Chapter 20 Supervised Machine Learning

Today, we’ll be talking about supervised machine learning for text classification. A few weeks ago, we talked about logistic regression, one model that is common in supervised machine learning tasks. Logistic regression is a classification analysis, meaning that it is used when dealing with categorical (specifically, binary) variables. This week, we’ll be going over some more classification supervised machine learning (SML) algorithms. However, rather than using vote data, we’re going to complicate our process slightly by focusing on text.

As we have discussed in previous classes, text data is extra tricky because it contains so much information. As a result, the data structure is much more complex: if we treated a word as a feature, our matrix (our “document-term matrix” or “document-feature matrix”) is very large and very sparse.

However, many of the things we want to analyze in mass communication exists in text or language–whether someone is emotionally happy or sad, whether people are using uncivil discourse, whether the sentiment of a message is positive or negative. In these instances, supervised machine learning can be very useful for applying one coding strategy across millions of messages.

For this tutorial, we will be learning about two supervised machine learning models that are common in text classification tasks: k-Nearest Neighbor (kNN) and Support-Vector Machines (SVM), decision trees, and random forests (which are more complicated decision trees).

A warning: This tutorial uses 130 labeled data points. As we have discussed in the class, this is an extremely small labeled set. A typical dataset with binary labels should have between 5,000 to 10,000 labels. However, for the purposes of illustrating the process, our small-n dataset will do.

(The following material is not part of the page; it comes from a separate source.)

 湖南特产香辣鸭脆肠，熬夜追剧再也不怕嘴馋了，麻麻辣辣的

A second warning More than any other topic we discussed in this class, supervised machine learning is far and away the most complex topic, and one that requires the most additional learning. Two tutorials cannot teach supervised machine learning, and each of the algorithms I will introduce in this tutorial are really worth their own full classes. Keep in mind that data scientists and engineers take many, many courses in supervised machine learning, and we will only be able to cover a fraction of that knowledge in this tutorial.

We’ll begin by installing some new packages and loading our data.

20.1 Setting Up

This week, we will learn SML using caret, one of the most popular packages in R. caret is short for “Classification And REgression Training”, and it provides a uniform interface for hundreds of supervised machine learning algorithms. Because of this, caret has become a one-stop shop for R data scientists.

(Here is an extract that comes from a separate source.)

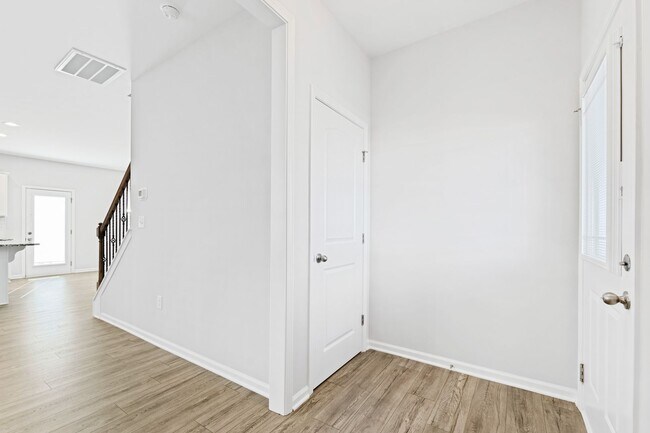Foto del edificio - Like New 3 Bedroom Home Walk to DT Clayton!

The main way caret does this is by tapping into a variety of other packages that contain more specific supervised machine learning algorithms and then by standardizing each algorithms’ implementations. For this reason, it is often necessary to install other packages alongside caret (i.e., the packages that actually contain the algorithm). In this tutorial, we will use 3 new packages: LiblineaR, rpart, and ranger. Notice that in this tutorial, I provide lines for installing these packages but I do not load them in as libraries. While it is possible to do that, it is not necessary–caret will call the library when appropriate.

options(scipen=999)
set.seed(381)
#install.packages("caret")
#install.packages("LiblineaR") #will be used for svm
#install.packages("rpart") #will be used for decision trees
#install.packages("ranger") #will be used for random forest

library(tidyverse)
library(tokenizers)
library(caret) #but we do load the caret package!
library(tidytext)
library(tm)

Next, we will load the data in. In this tutorial, we have 2 files: tweets_ballotharvesting_v_trumptaxes_v_scotus.csv, which contains the original data and tweets_ballotharvesting_v_trumptaxes_v_scotus_labels2.CSV, which contains the 130 labels. If you are producing labels (from a content analysis, for example), you should have your data structured similarly: one data frame of the raw dat and one data frame of the labeled data.

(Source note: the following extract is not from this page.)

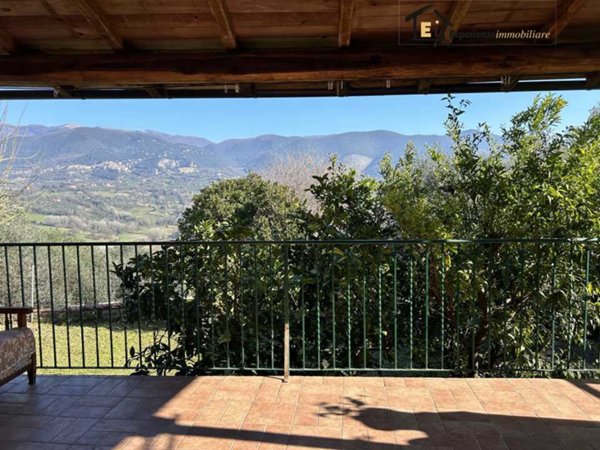 casa indipendente in vendita a Poggio Mirteto in zona San Luigi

In addition to loading in this data, we will use select() to focus on the specific variables we are interested in. Here, we select the id column, the text of the tweet (used for the about_ballot_harvesting label), and the profile description (used for the conservative label). For our labeled dataset, we obviously also want to include the columns containing the labels, so we will include about_ballot_harvesting and conservative. Make sure th

tweet_data <- read_csv("data/tweets_ballotharvesting_v_trumptaxes_v_scotus.csv") %>%
  select(`...1`, text, description)
colnames(tweet_data)[1] <- "id"

tweet_labeled_data <- read_csv("data/tweets_ballotharvesting_v_trumptaxes_v_scotus_labels2.csv") %>%
  select(id, text, description, about_ballot_harvesting, conservative)

20.2 Data Cleaning

Let’s move onto the data cleaning!

Importantly, you want to make sure your labels are treated as factors. If they are set as numerics, R will treat them as numbers and not categories.

tweet_labeled_data$about_ballot_harvesting <- as.factor(tweet_labeled_data$about_ballot_harvesting)
tweet_labeled_data$conservative <- as.factor(tweet_labeled_data$conservative)

Because R can’t tell what is contained in a URL, it’s often optimal to exclude urls from your text data. We do this in the text columns of both datasets (the full dataset and the labeled dataset) using a regular expression.

tweet_labeled_data <- tweet_labeled_data %>% 
  dplyr::mutate(text = stringr::str_replace_all(text, " ?(f|ht)tp(s?)://(.*)[.][a-z]+", ""))

tweet_data <- tweet_data %>% 
  dplyr::mutate(text = stringr::str_replace_all(text, " ?(f|ht)tp(s?)://(.*)[.][a-z]+", ""))

Next, we want to make sure we exclude any rows with NA.

tweet_data <- na.exclude(tweet_data)

tweet_labeled_data <- na.exclude(tweet_labeled_data)

Now, we have two relatively clean datasets: tweet_data, containing all the tweets and tweet_labeled_data containing the labeled tweets. Let’s look at tweet_labeled_data in more detail, since we will be using it for the modeling.

20.3 Imbalanced Data

Before proceeding with any supervised machine learning analysis, it is valuable and important to understand your variables further. For example, I often conduct a topic modeling or other NLP analyses before proceeding with a text classifier using supervised machine learning. Another thing I do is check the proportions of the dataset. Are more tweets coded as about_ballot_harvesting == 1 or not (about_ballot_harvesting == 0)? We can do this by using table() on the variable and then prop.table() to get the proportion (use ?prop.table to learn more about this function).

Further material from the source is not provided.